Then it may happen some day that the whole aspect is suddenly changed. Fire has escaped in the sea of dry grass. To the windward the horizon is one long line of smoke, which, as it comes nearer, rolls up in black masses shot through with darting tongues of angry red flames leaping a hundred feet skyward, while the sound of the conflagration is like that of a rushing storm. Frightened animals are fleeing before it in terror for their lives and birds are flying from the threatened destruction.

This scene passes, and now the whole visible earth is one vast stretch of coal black, and the whole sky is a thick blue haze in which the sun seems to hang like a great red ball, while an unbroken silence pervades the land.

Then winter comes with days of leaden sky and blackened earth, succeeded by clear days when the snow-covered earth appears like a vast white bowl encrusted with frost-diamonds and inclosed by an over-arching dome of most brilliant blue.

Again the season changes; warm airs blow from the south; soft showers fall; the sound of the first thunder wakens all Nature; the blackened earth appears once more, soon showing color from the pale green spears of tender young grass, and in a short time the form of Mother Earth is once more clothed in a mantle of shining green.

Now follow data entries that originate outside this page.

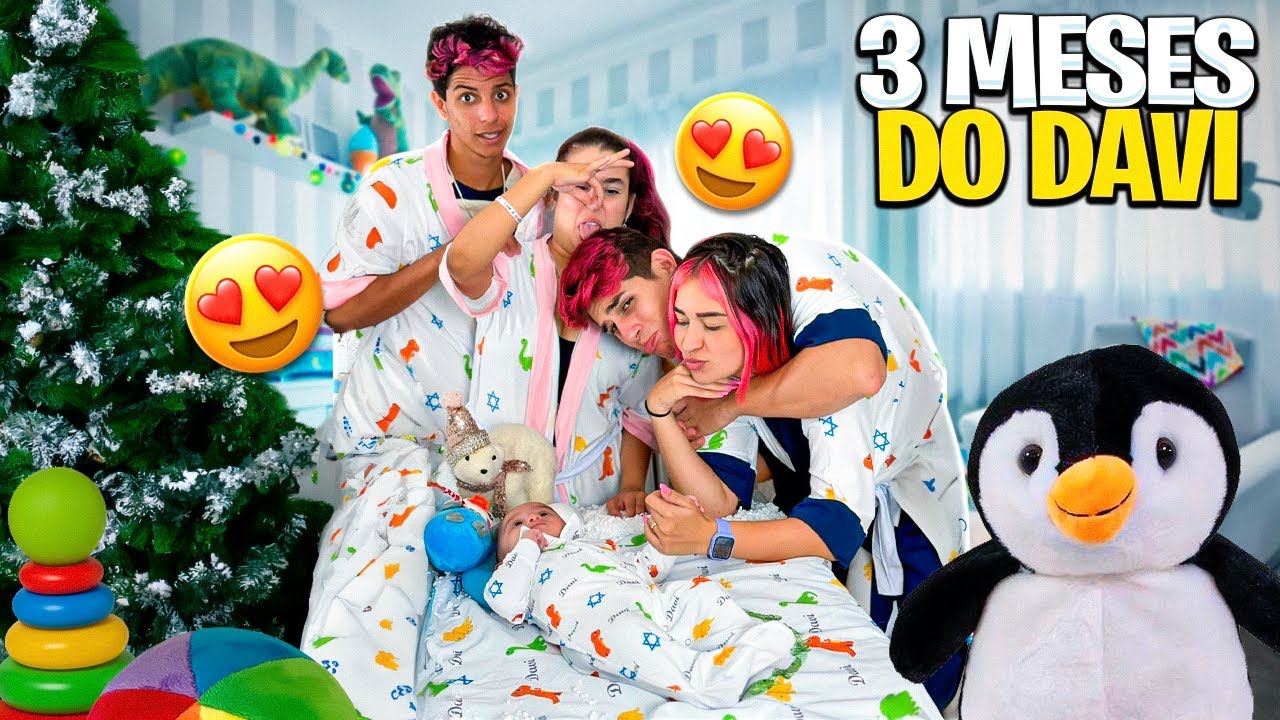 ANIVERSÁRIO DE 3 MESES DO DAVI *qual foi o tema ?
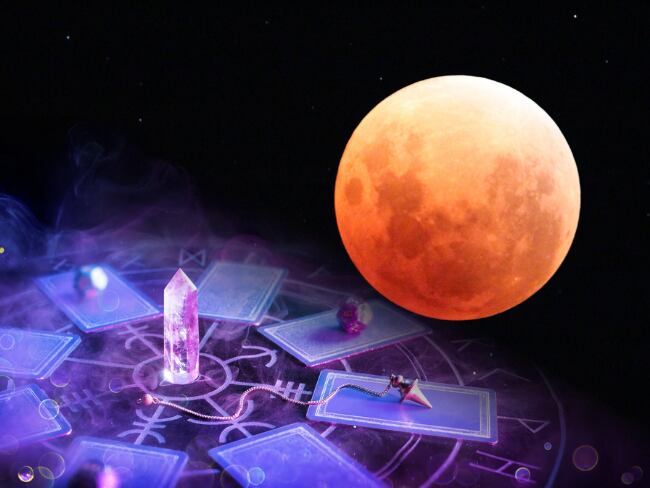 Eclipse lunar total 2025: cómo afectará a Aries, Libra y Géminis. Fotos tomadas de Canva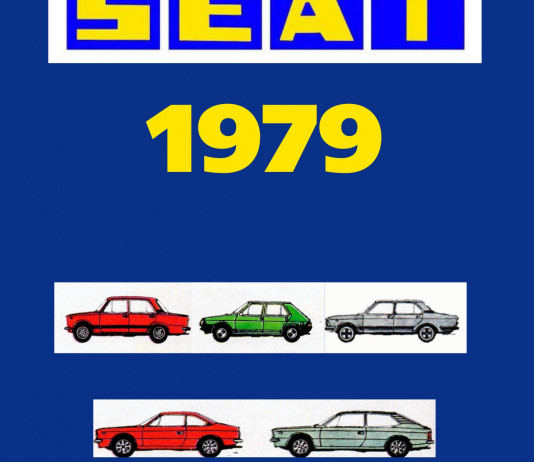 NUEVO LIBRO SOBRE SEAT EN EL AÑO DE SU 70 ANIVERSARIO: ”SEAT 1979” PORTADA DEL LIBRO SEAT 1979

And now as the biting winds of winter yield to the balmy breezes from the south all the vernal flora is quickened into life and beauty. The modest blue violets appear in such profuse abundance that they seem like shreds of the sky wafted by the spring breezes over the land and drifted into every swale and ravine. On the upland the purple flowers of the buffalo pea show themselves; in sandy places of the Middle Great Plains the dainty lavender blue bonnets of the early wind-flower are trembling in the breeze. In the Northern Great Plains the snow is scarcely gone before the pasque flowers, first gladsome harbingers of the lovely hosts to follow, troop forth over the bleak hillsides, “very brave little flowers,” the Cree Indians say, “which come while it is still so cold that they must come wearing their fur coats.” This is in allusion to the furry appearance of the pasque flower.

And as the floral life manifests itself all the native faunal life is also awakened to renewed activity. The migratory birds are seen and heard flying northward by relays in hundreds of thousands. The course of the Missouri River marks upon the earth the chart by which they direct their northward flight toward their summer homing places. The Arkansas River, the Kansas, the Platte, the Niobrara and the White River are relay stations of their journey, and the countless V-shaped flocks coming northward in long lines wheel, circling down until tracts many acres in extent are whitened by the great numbers of snow geese, while the Canada geese in equal numbers darken other tracts; ducks in great numbers are swimming on all the ponds and quiet streams, and regiments and brigades of tall gray cranes are continually marching and counter-marching on land or sailing like fleets of monoplanes far up in the clear blue, whence float down to earth the vibrant notes of their bugle calls as they travel on into the North. On the higher prairies at sunrise as the long rays of the red morning sun slant brightly across the land the booming, drum-like sound of hundreds of prairie chickens is heard at their assemblies, for at this season they dance the mating dance at the sunrise hour. Soon the meadowlarks, “the birds of promise,” appear, singing their songs of promise of good things for their friends, the human beings; and they set about the duties of housekeeping, building their lowly nests at the grass roots, and all about are scenes of brightness and sounds of gladness.

It was in such a country as this, then, that the people of the several different native nations who were here before us lived and took joy of the good gifts of Mother Earth and from their own activities, and in all the beauty of this good land. And they loved this land for all its good gifts and for its beauty, and for these and for its mystery and grandeur they paid reverence.